### RECORDS SUPPLIED

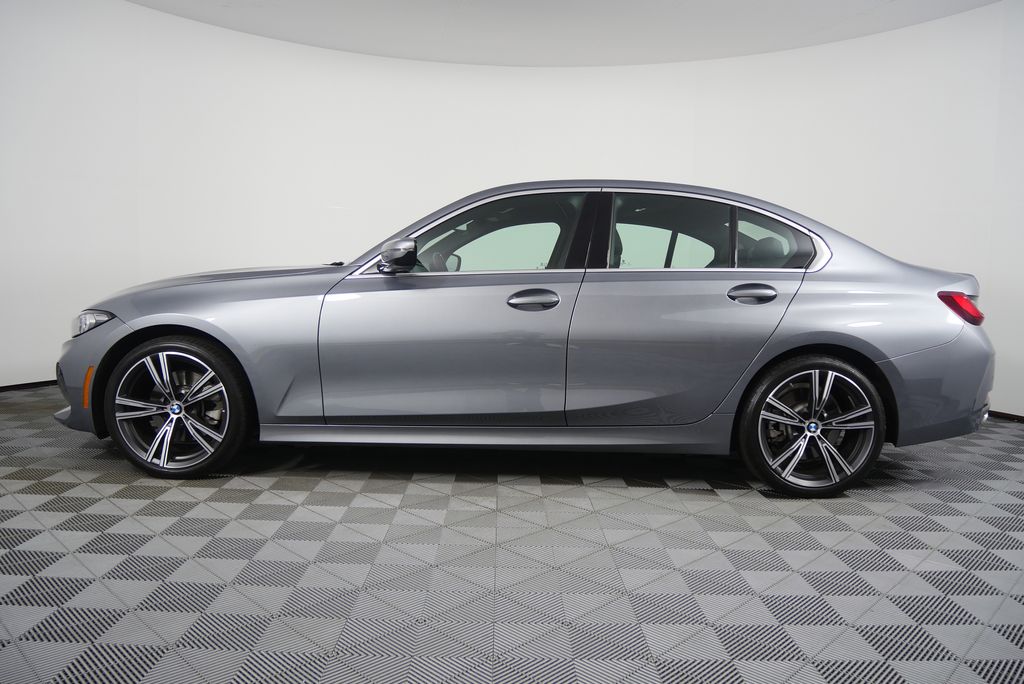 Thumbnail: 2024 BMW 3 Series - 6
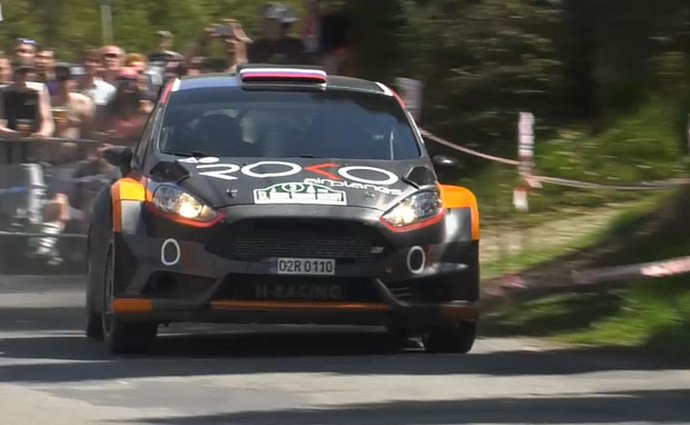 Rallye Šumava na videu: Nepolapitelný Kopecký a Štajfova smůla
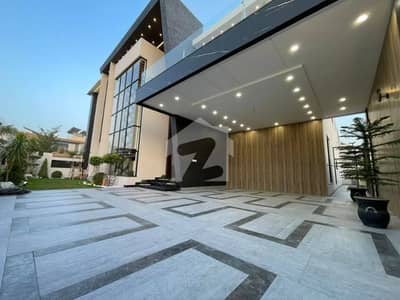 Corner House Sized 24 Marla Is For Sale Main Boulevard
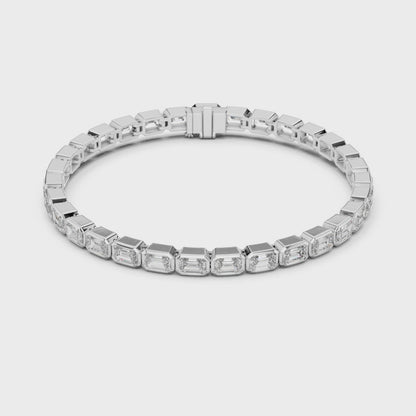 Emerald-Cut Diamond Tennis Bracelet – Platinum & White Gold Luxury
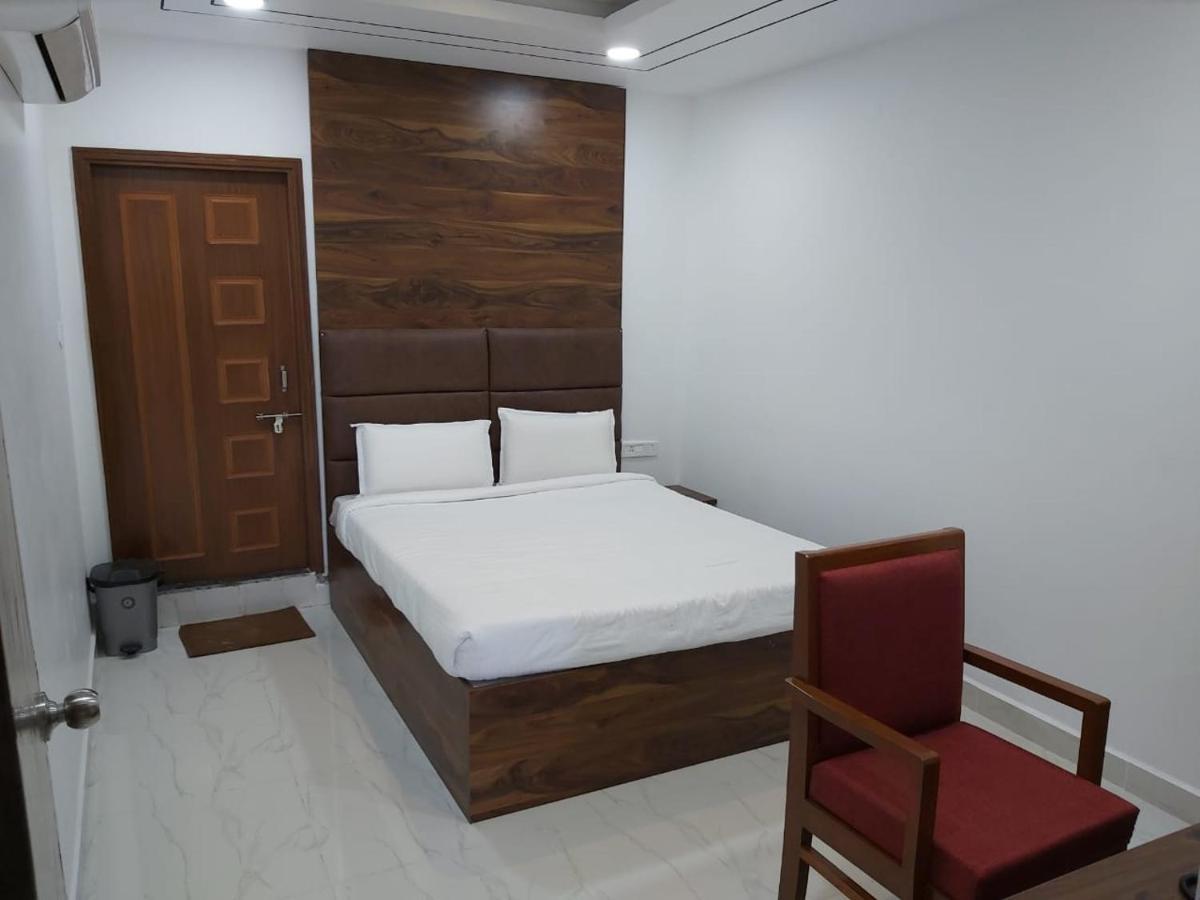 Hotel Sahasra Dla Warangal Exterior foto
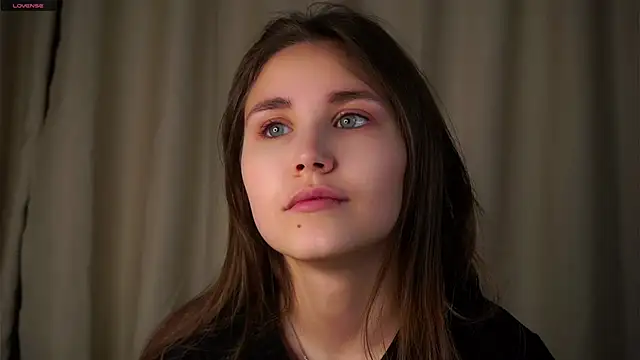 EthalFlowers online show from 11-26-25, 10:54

######
### RECORDS SUPPLIED

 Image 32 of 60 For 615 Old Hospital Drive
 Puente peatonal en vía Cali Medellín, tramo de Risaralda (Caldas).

######

* YOUR ASSIGNMENT
Leaving each picture behind, please give again exactly the lines above from the one with "Hotel Sahasra Dla Warangal Exterior foto" through the one with "EthalFlowers online show", both included, and no others.

* SOLVED PROBLEM
 Hotel Sahasra Dla Warangal Exterior foto
 EthalFlowers online show from 11-26-25, 10:54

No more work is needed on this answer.